[What to work on]
Find the line below with "May include: Five" and the line with "Open-concept living space". Output them and the lines between, exactly, but not the pictures.

::::

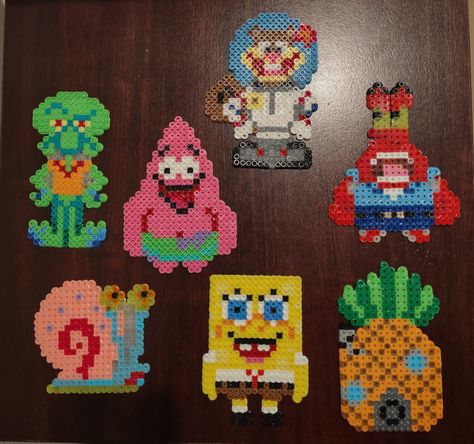 Made with perler beads and magnets on the back for refrigerator Squidward Perler Beads, Spongebob Perler Bead Patterns, Barbie Perler Beads, Large Perler Bead Patterns, Spongebob Perler Beads, Spongebob Perler, Perler Bead Wall, Melt Beads Patterns, Rainbow Loom Designs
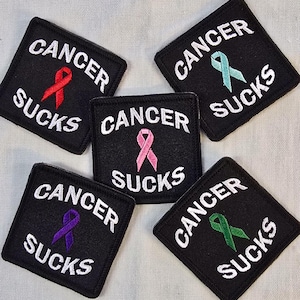 May include: Five black square patches with the words "CANCER SUCKS" embroidered in white. Each patch features a different colored ribbon: red, light blue, pink, purple, and green. The patches are arranged on a light-colored surface.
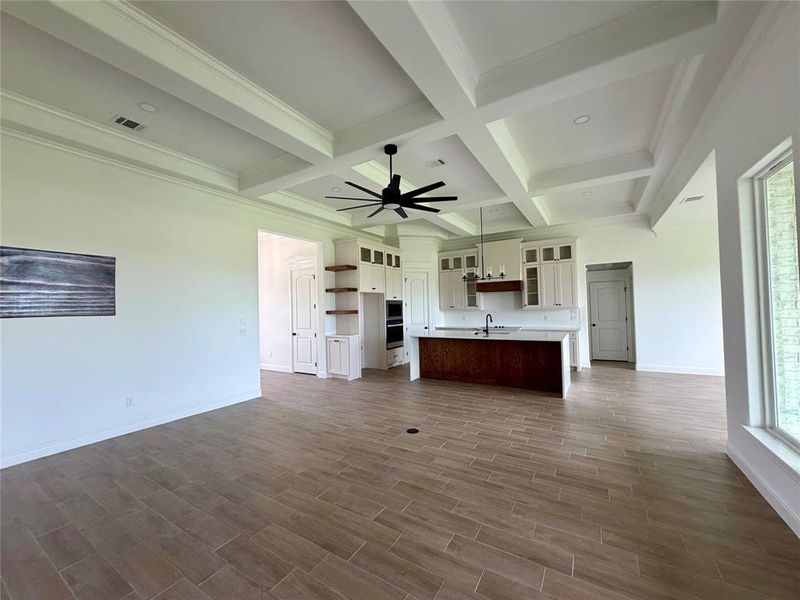 Open-concept living space with coffered ceilings and recessed lighting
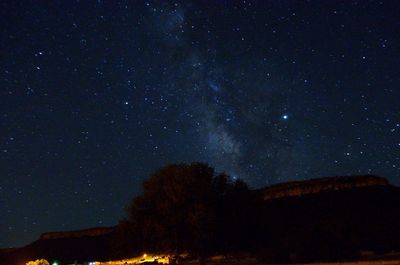 Low angle view of silhouette trees against sky at night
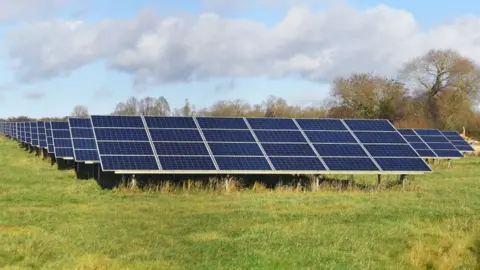 File photo of a number of solar panels in a field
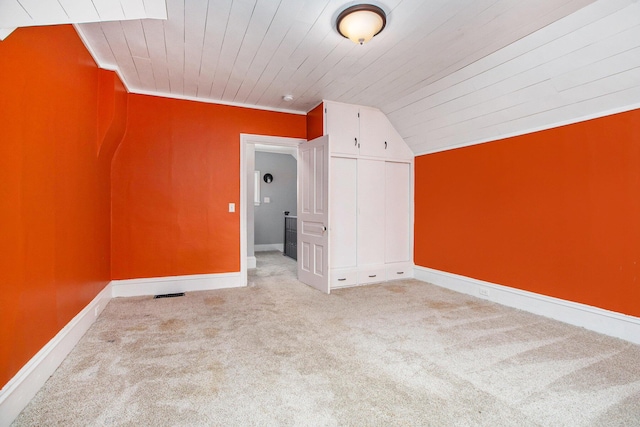 additional living space with vaulted ceiling, light carpet, and wood ceiling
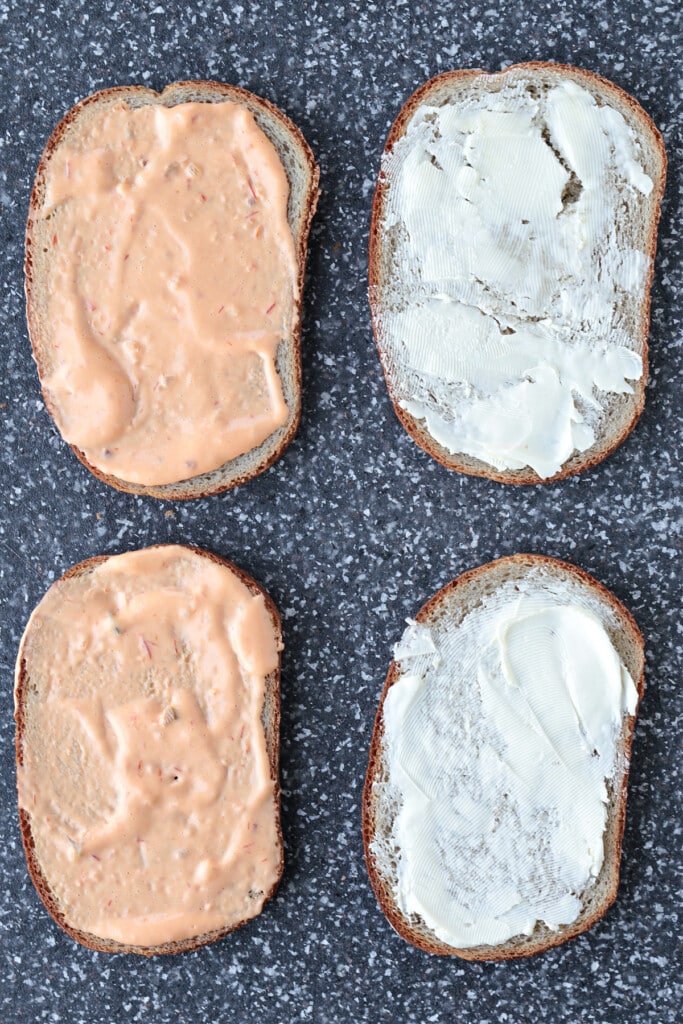 slices of rye bread on board with butter and Russian dressing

::::

[Expected output]
 May include: Five black square patches with the words "CANCER SUCKS" embroidered in white. Each patch features a different colored ribbon: red, light blue, pink, purple, and green. The patches are arranged on a light-colored surface.
 Open-concept living space with coffered ceilings and recessed lighting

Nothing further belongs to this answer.